### PROBLEM DETAILS
If an entry below holds a picture, leave the picture out and print the rest exactly.

════════════════════

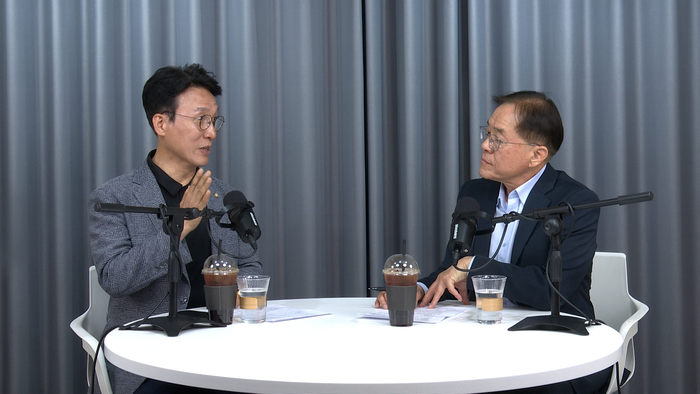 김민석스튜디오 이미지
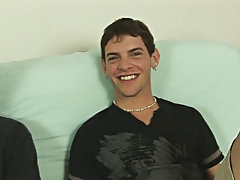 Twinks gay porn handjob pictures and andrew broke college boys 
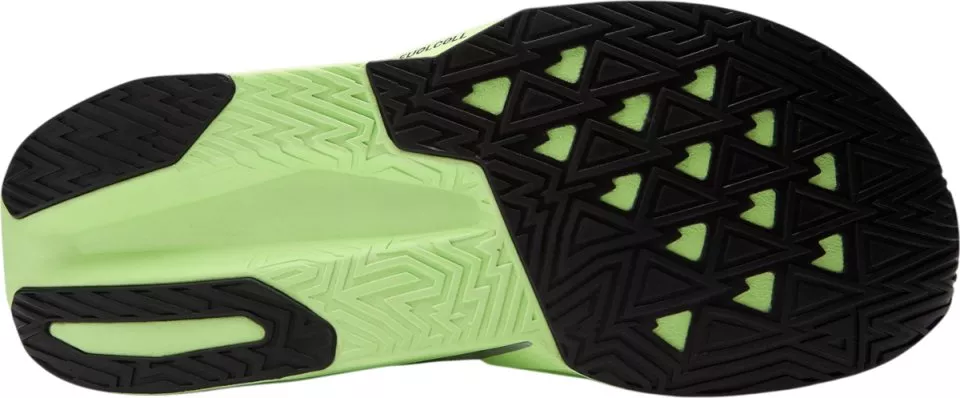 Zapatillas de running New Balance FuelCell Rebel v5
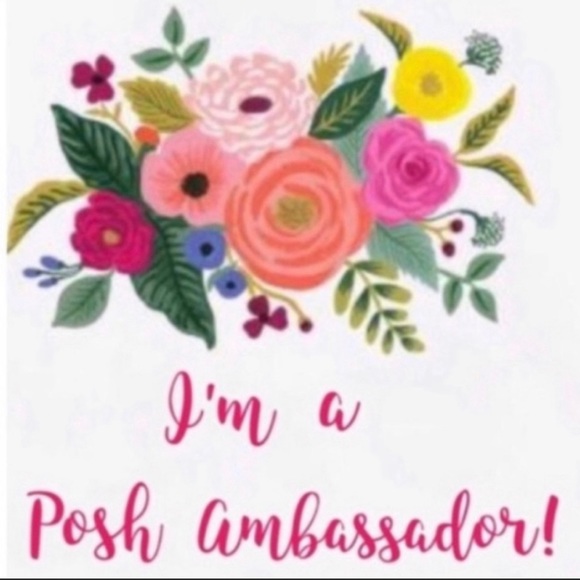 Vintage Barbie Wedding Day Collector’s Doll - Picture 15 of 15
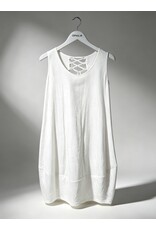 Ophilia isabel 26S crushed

════════════════════

### WRITTEN ANSWER
 김민석스튜디오 이미지
 Twinks gay porn handjob pictures and andrew broke college boys 
 Zapatillas de running New Balance FuelCell Rebel v5
 Vintage Barbie Wedding Day Collector’s Doll - Picture 15 of 15
 Ophilia isabel 26S crushed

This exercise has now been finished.